3.  What are your targets' current habits?
So what does your target audience do? What are their communication habits?  And how similar is it to what you want them to do with Augmented reality?

How habits are formed: the reinforcing habit loop.
Habits are an evolutionary short-cut to cut down on the need to think and analyse every situation.   It takes around 60 days to form a new habit, and is a little like self-conditioning based around three stages: the cue, the behaviour and the reward.    One formed, habits get imprinted on your neural pathways and are incredibly hard to change.

Within marketing and PR, the most successful communication tools are those that complement what you already do because it's a habit.  So if your audience checks FaceBook every couple of hours, then working on social media is a good way to go.  If your audience always checks their physical post, then you're likely to use a postal mail campaign.  Does you audience watch a medical dramas?  Then put a TV advert into the middle of House (if you have the money).  It seems obvious, but you'd be surprised how many people forget this.

In order to use AR, you need to do a number of things outside of your normal habits:

  • Get the App: this is a barrier in itself as it involves going to the relevant App store, finding the right App, downloading it and working out how it works
  • Scan things using that App that you wouldn't normally scan like a business card and brochures etc.
You can already see the problem, can't you?  You're asking your customers to do complex processes which are totally outside the scope of their normal practice just to push a marketing message: to make a new habit.  Yet seeing marketing materials probably isn't enough of a 'reward' to be habit forming unless they get a real kick out of seeing something new and exciting (then the reward is linked to self esteem at being at being a pathsetter).  The only people that might are your "innovator" group in the adoption curve above, which is only about 2.5% of your audience.  This is why QR codes and Blippar failed: they didn't get people into the habit of using those apps by default, so when the audience did, it was a conscious effort, and easily ignored.  

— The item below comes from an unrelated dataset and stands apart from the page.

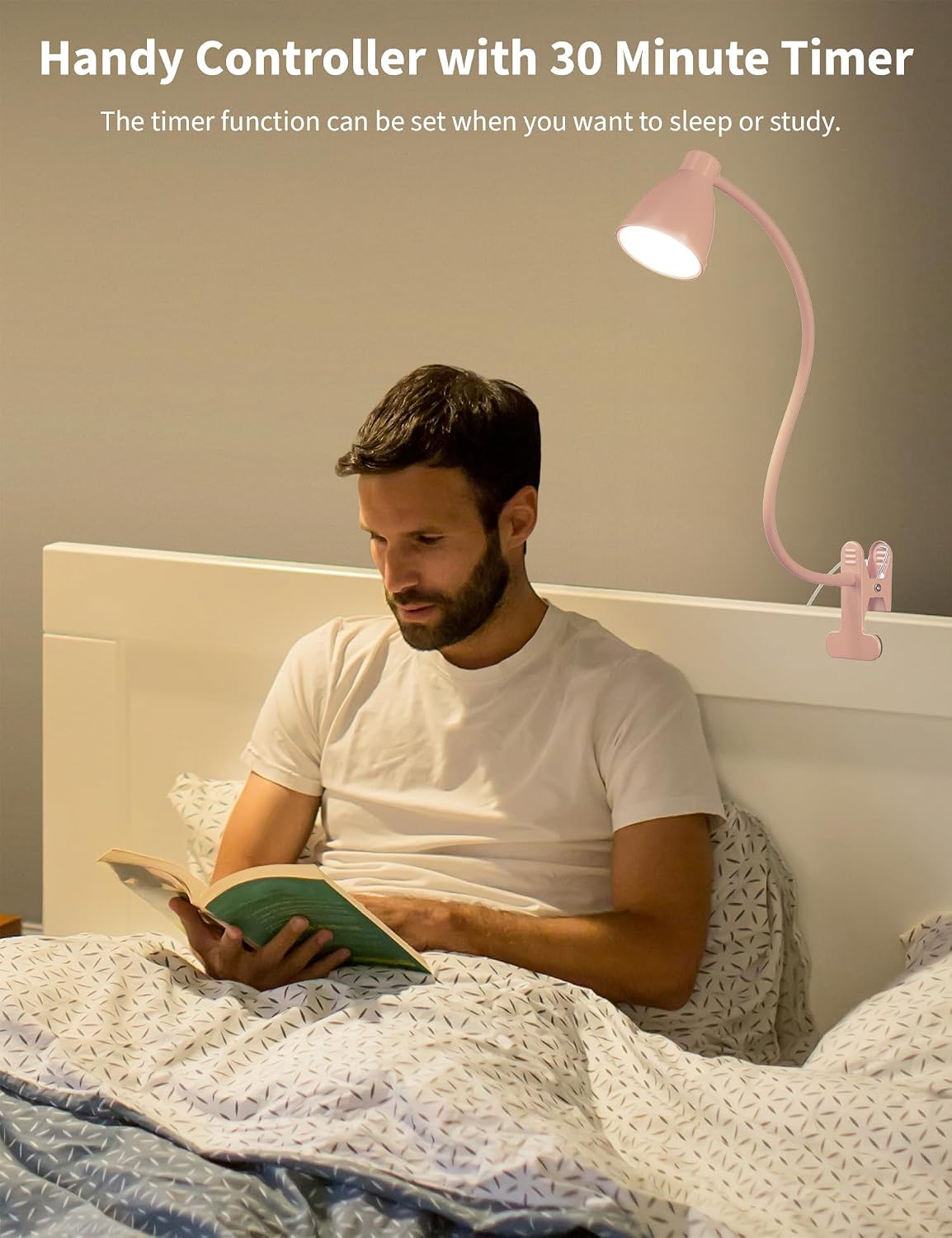 Cute Desk Lamp with Clamp Clip on Light, 5 Color 10 Brightness, Pink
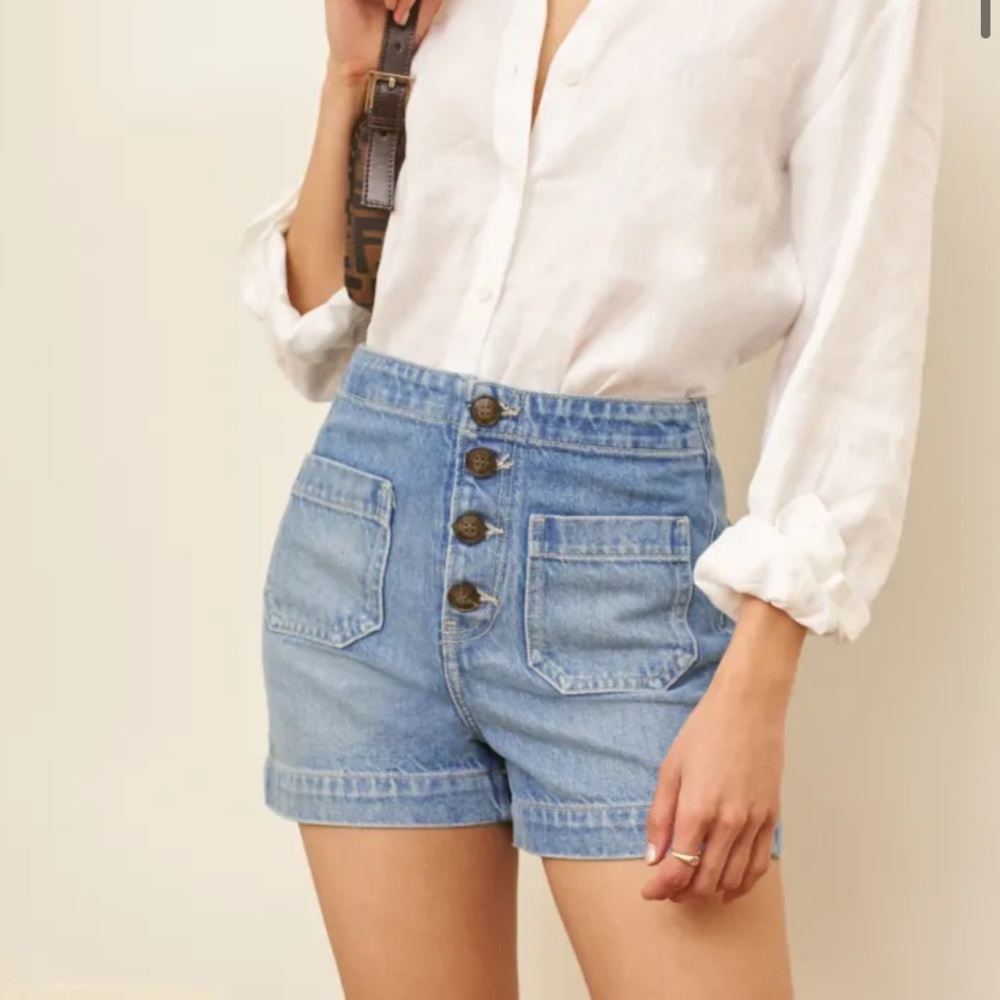 Reformation Eloise Denim Jean Button Shorts 25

I will add a coda that due to the nature of the adoption curve, the one exception is in the teenage market, because the very fact that most of the adults around the technology will not be interested or able to access it (due to having to get a new app) makes it instantly appealing.  But apart from that?  Not ideal for a mass market.

4.  Does this fit with the image/brand you want to portray?
Everything, ultimately, comes down to your brand and brand image in your communications, and this goes for channel/location as well as what's actually in it.  Want to be see as a family friendly drinks company?  Well, you're probably not going to give away samples in a strip club.  Want to be seen as eco-friendly?  You're probably going to use recycled paper if you do have to do a mailshot.

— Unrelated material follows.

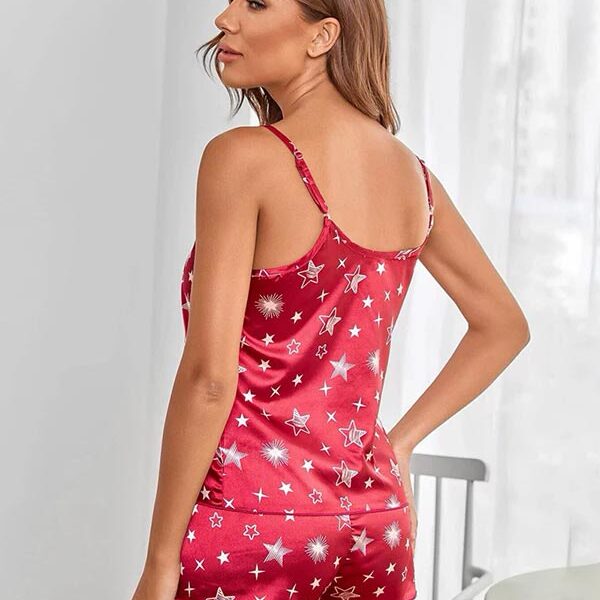 Pyjama En Satin "Rouge Etoilée"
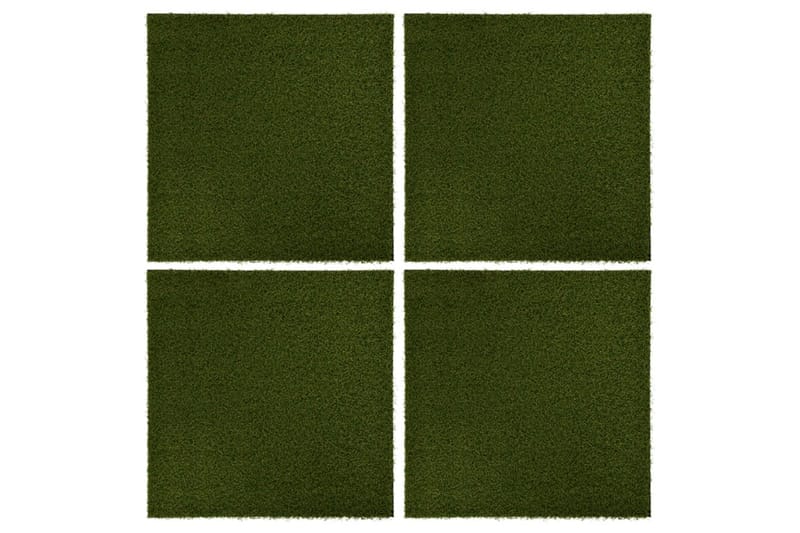 Kunstige gressmatter 4 stk 50x50x2,5 cm gummi - Grønn - Hagemøbler - Solbeskyttelse - Markiser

So if you want to be seen as technologically advanced or cutting edge, then yes, you could develop some AR materials as long as they came with huge rewards (such as prizes only winnable through the AR medium), as long as you did a lot of marketing on the side to get people to know it's there and how to access it.  But you're marketing the concept of AR and using it to boost your image rather than having it as an enhanced communication tool.  If it's for a more conservative industry?  I'd be wary. 


Overall, I like AR as a concept.  I think it's pretty cool as a toy and a way to stand out if you work and are pitching to a technologically innovative audience, or one who particularly like to feel like part of an elite sub-culture, but right now at this point in 2015 it's not ready for mass use as a standard communication tool.    

And, much as I like them, no amount of free coffee and croissants is going to convince me otherwise!